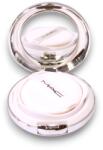 MAC MAC, Lightful C+, Compact Foundation, Extra Light Rose, SPF 50, 12 g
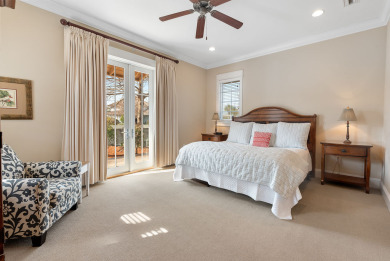 Lake House Saltwater Cottage, A Cozy Beach Club Cottage-Cottage 21- Signature Properties, , on  in Alabama - Lakehouse Vacation Rental - Lake Home for rent on LakeHouseVacations.com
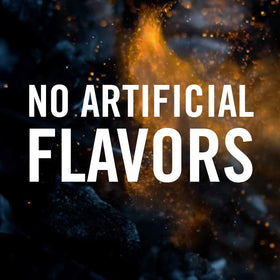 McCormick Grill Mates Honey Sriracha Marinade on chicken wings for bold flavor.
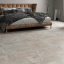 Argenta Etienne Ivory RC 60x60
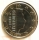Zum Artikel: Luxemburg 1 Euro Münze 2006 hier klicken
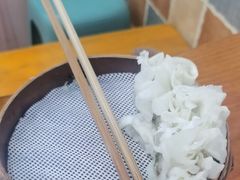 -豆相识•九九豆腐脑(牛咡桥店)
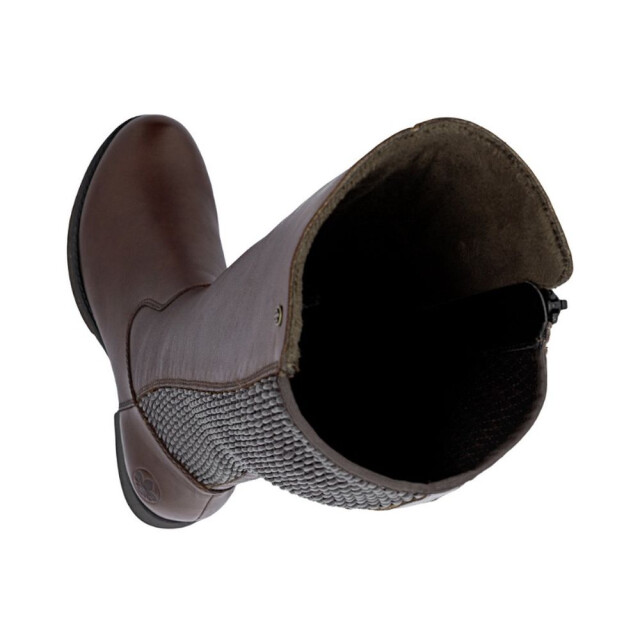 Rieker Laarzen Z9591 large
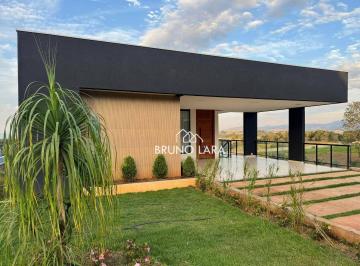 Imagem 1 · Casa de Condomínio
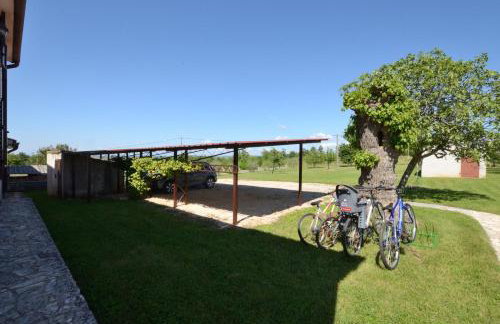 House Mariano - Foto 11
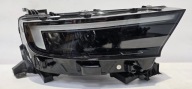 light right front FULL LED OPEL MOKKA II B 20- original 9834007980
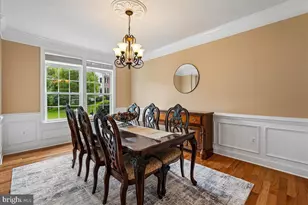 16119 Turning Leaf Ln, Leesburg, VA 20176 - Photo 11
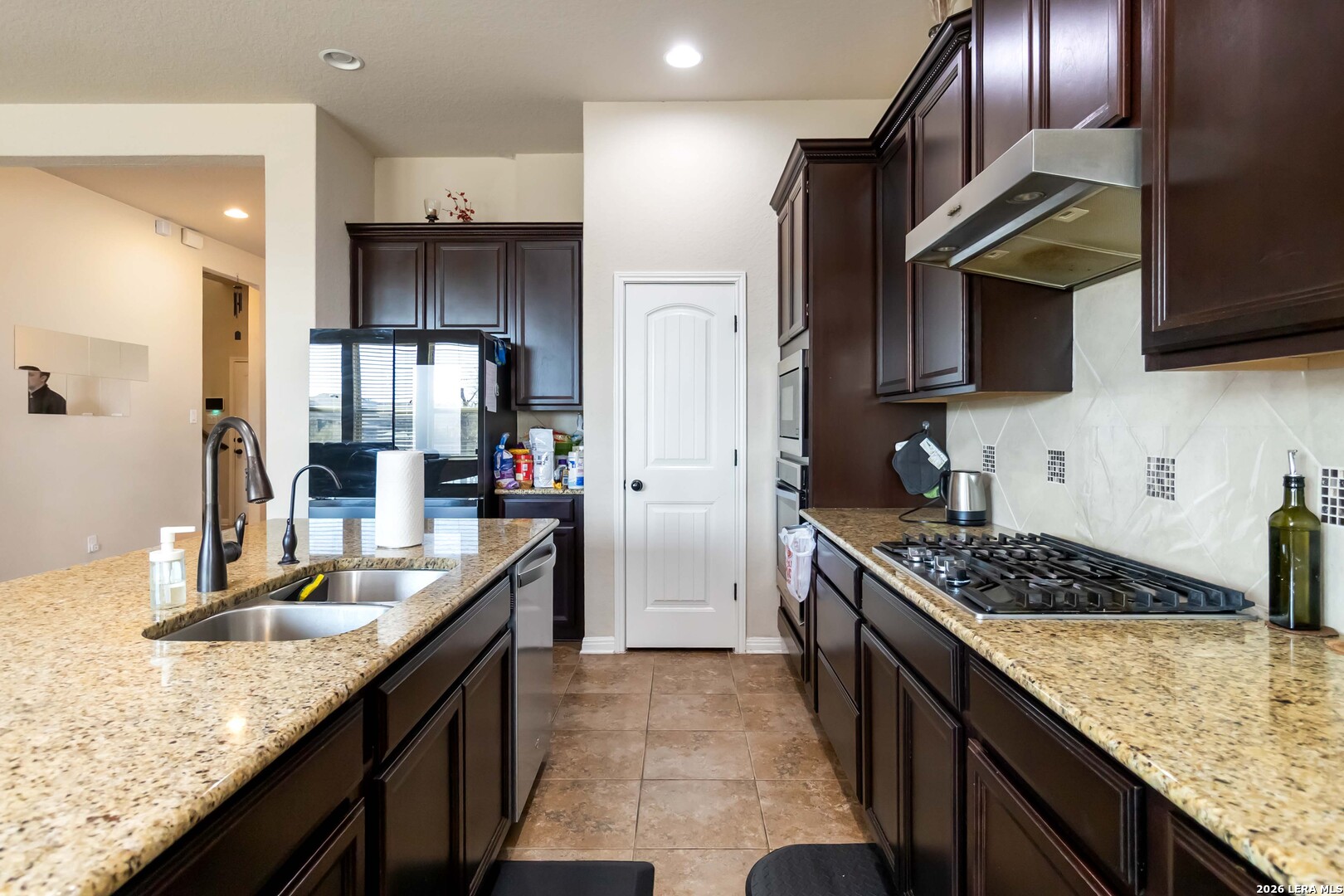 29114 Tusculum Boerne TX 78006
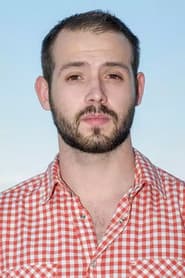 Photo of Daniel Ratimorský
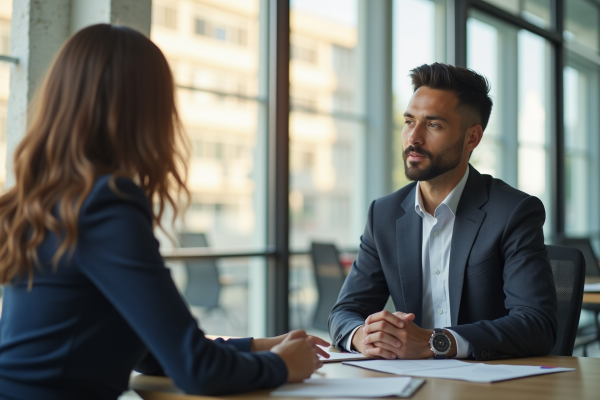 Coaching : coût et tarifs à prévoir pour votre accompagnement personnel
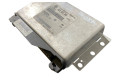 Блок управления АБС 4D0907389, 0265109400   Audi A8 S8 D2 4D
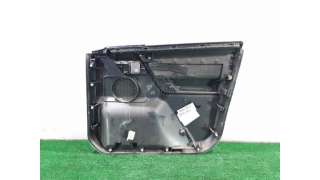 GUARNECIDO PUERTA DELANTERA IZQUIERDA LAND ROVER FREELANDER 2 (2006-2014) 2.2 TD4 4X4 150CV 2179CC - L.7409215 / 9H5220215A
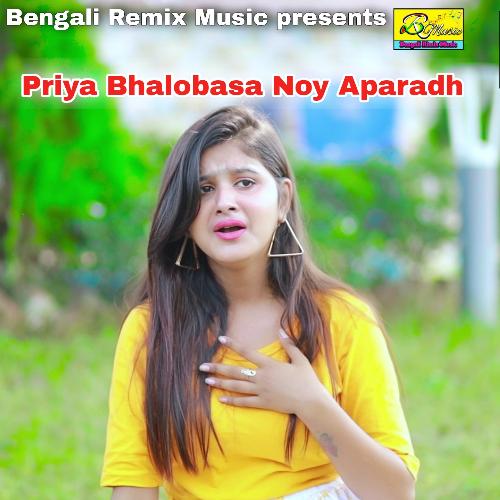 download   Priya Bhalobasa Noy Aparadh mp3 Single Tracks song 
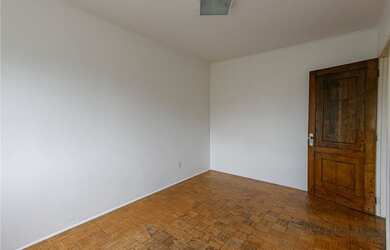 Imagem 7: Apartamento à venda no bairro Teresópolis - Porto Alegre/RS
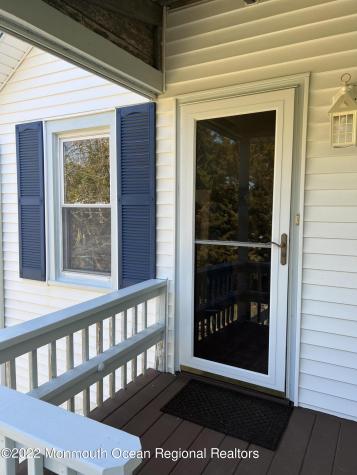 234 Dupont Avenue Seaside Heights NJ 08751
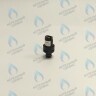 PSE014-03 Датчик давления воды электронный PROTHERM (H) v.17 в Оренбурге	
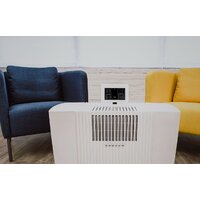 Venta LPH 60 WiFi (белый) Image #5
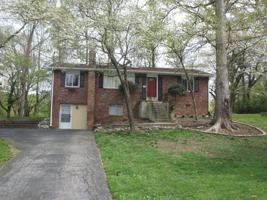 featured image of 120 Culver Rd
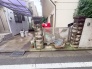 白馬グループの白馬建設にて、プラン作成、イメージパース作成を数日で行えます。　希望の間取りはどの位の大きさか？、一体どの位の広さの土地が適切か？まずはたたき台のプランと見積りを作りましょう。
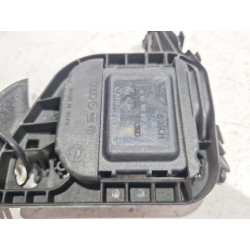 MOTOR TRAMPILLA CALEFACCION 01328012022 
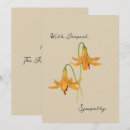 Suche nach vintage botanicals karten Botanisch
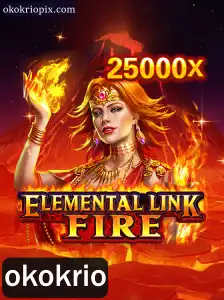 Explorando o Mundo de ElementalLinkFire: O Novo Fenômeno dos Jogos de Estratégia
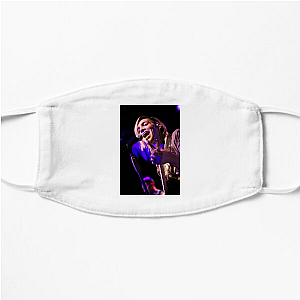 The Calling Merch The Calling Face Masks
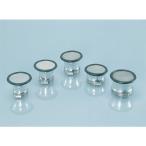  большой воздушный воронка Φ43 KITACO( Kitaco )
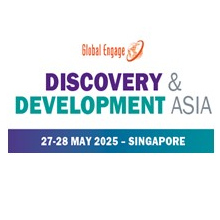 https://global-engage.com/wp-content/uploads/2024/10/DDCA25-Banner-at-sponsor-temporary-web.jpg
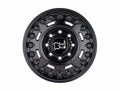 BR AXLE 20X9.5 5X127 -18 71 M-BLK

Requirement:
The reply should hold the lines from the top of the records through the line containing "PSE014-03 Датчик давления", reproduced exactly, and no pictures.

Solution below:
 MAC MAC, Lightful C+, Compact Foundation, Extra Light Rose, SPF 50, 12 g
 Lake House Saltwater Cottage, A Cozy Beach Club Cottage-Cottage 21- Signature Properties, , on  in Alabama - Lakehouse Vacation Rental - Lake Home for rent on LakeHouseVacations.com
 McCormick Grill Mates Honey Sriracha Marinade on chicken wings for bold flavor.
 Argenta Etienne Ivory RC 60x60
Zum Artikel: Luxemburg 1 Euro Münze 2006 hier klicken
 -豆相识•九九豆腐脑(牛咡桥店)
 Rieker Laarzen Z9591 large
 Imagem 1 · Casa de Condomínio
 House Mariano - Foto 11
 light right front FULL LED OPEL MOKKA II B 20- original 9834007980
 16119 Turning Leaf Ln, Leesburg, VA 20176 - Photo 11
 29114 Tusculum Boerne TX 78006
 Photo of Daniel Ratimorský
 Coaching : coût et tarifs à prévoir pour votre accompagnement personnel
 Блок управления АБС 4D0907389, 0265109400   Audi A8 S8 D2 4D
 GUARNECIDO PUERTA DELANTERA IZQUIERDA LAND ROVER FREELANDER 2 (2006-2014) 2.2 TD4 4X4 150CV 2179CC - L.7409215 / 9H5220215A
 download   Priya Bhalobasa Noy Aparadh mp3 Single Tracks song 
 Imagem 7: Apartamento à venda no bairro Teresópolis - Porto Alegre/RS
 234 Dupont Avenue Seaside Heights NJ 08751
 PSE014-03 Датчик давления воды электронный PROTHERM (H) v.17 в Оренбурге	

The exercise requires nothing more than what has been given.